2

Another question about L2/L3 caches explained that L3 can be used for inter process communication (IPC).

Are there other methods/pathways for this communication to happen?

The reason why it seems that there are other pathways is because Intel nearly halved the amount of L3 cache per core in their newest processor lineup (1.375 MiB per core in SKL-X) vs. previous generations (2.5 MiB per core in Broadwell EP).

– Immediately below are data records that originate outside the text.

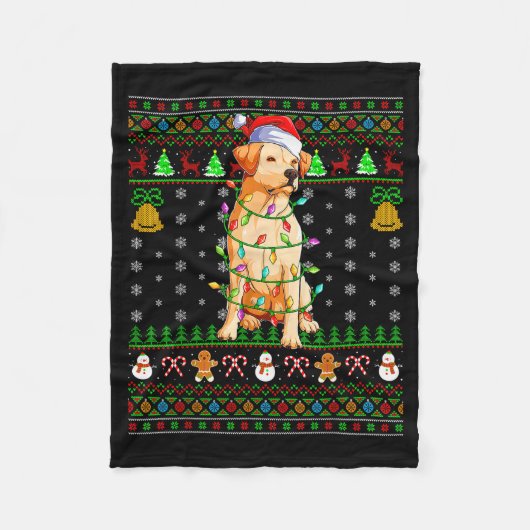 Labrador Retriever Dog Christmas Lights Ugly Sweat Fleece Deken (Voorkant)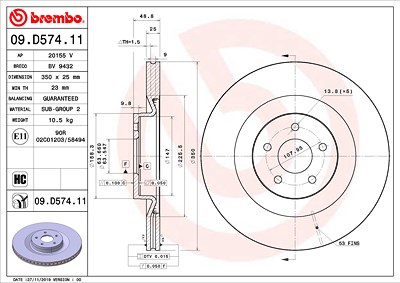 Brembo 1x Bremsscheibe [Hersteller-Nr. 09.D574.11] für Ford von BREMBO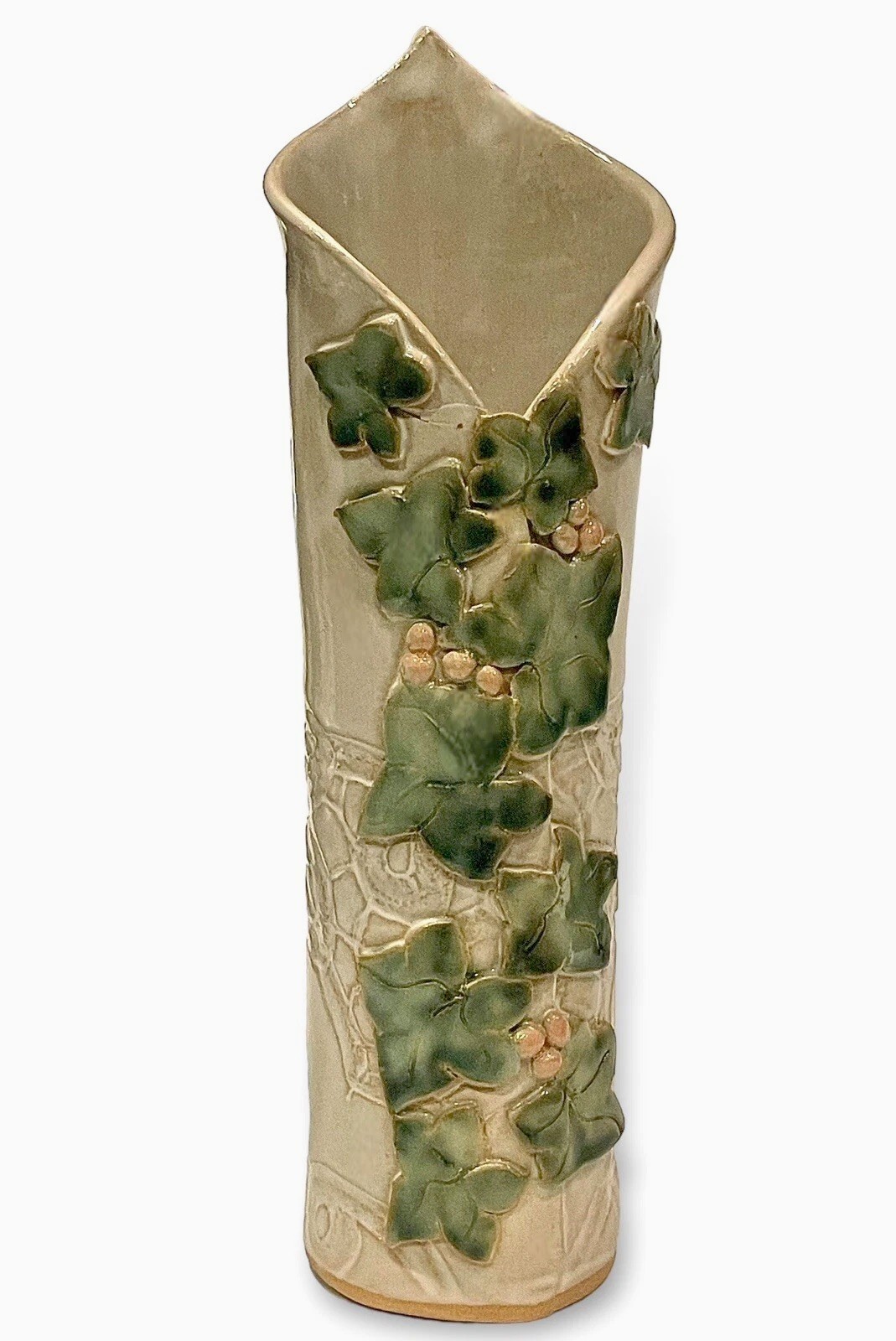 MAJOLICA ART POTTERY Vase Hand Built Layered Ivy Berries Signed OOAK ~ READ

Per-core private L2 increased from 256k to 1M, though.

Peter Cordes
  • 328,167
  • 45
  • 605
  • 847
Greg
  • 8,175
  • 16
  • 72
  • 125
  • 1
    Memory and IPIs. L3 is just a side effect. One could stretch it and includes devices too (e.g. a disk). – Margaret Bloom Sep 09 '17 at 14:26
  • bandwidth and capacity aren't necessarily related. L3 is still fairly large overall in SKL-X. (And note that the desktop Skylake/Kaby Lake CPUs still have the same amount of L3 as previous generations, and probably still a ring bus like Haswell instead of a mesh (which is probably what SKL-X uses.) – Peter Cordes Sep 10 '17 at 22:06
  • @PeterCordes My understanding was that SKL-X had enough L3 so that every core's L2 could be stored on it (and therefore information easily exchanged between the cores without going into DRAM). Wouldn't decreasing on L3 (to a level which does not fit all cores L2 cache) not increase the probability of the data being fetched from RAM in order to exchange it between cores? Am I missing something? – Greg Sep 11 '17 at 00:28
  • 1
    Sure, it means you have to design your software to reuse data sooner if you want it to still be hot in L3 when a consumer thread gets to it. It's unlikely that the only data in L3 is data that was written by one core and will next be read by another, though; most multi-threaded workloads involve plenty of private data, too. Also, SKL-X (and later?) L3 is not inclusive, so shared read-only data from L3 doesn't evict it from L2 of cores still using it. – Peter Cordes Sep 11 '17 at 00:34
  • @PeterCordes L3 is still bigger however the newest xeons have reduced L3 as a proportion of L2: https://en.wikipedia.org/wiki/List_of_Intel_Xeon_microprocessors#Xeon_Gold_.28quad_processor.29 – Greg Sep 11 '17 at 01:01
  • 1
    Neat, the low-core-count parts still have large L3, e.g. a 6-core Gold Xeon with 19.25MiB L3. That's 14 slices of 1.375MiB L3, but hopefully they don't actually have 14 mesh or ring nodes for just 6 active cores (that would be bad for latency). The smallest L3 cache is in the 10-core part, which may be using [the High-Core-Count (HCC) die](http://www.anandtech.com/show/11550/the-intel-skylakex-review-core-i9-7900x-i7-7820x-and-i7-7800x-tested/6), with only 13.75 MiB of L3 to go with its 10x1 MiB of L2. (One slice per active core, while the lower core counts are special.) – Peter Cordes Sep 11 '17 at 17:43

1 Answers1

3

There are inter-processor_interrupts, but that's not new, and not used directly by normal multi-threaded software. The kernel might use an IPI to wake up another core from low-power sleep, or maybe not notify it that a high-priority task became runnable after a task on this CPU released an OS-assisted lock / mutex that other tasks were waiting for.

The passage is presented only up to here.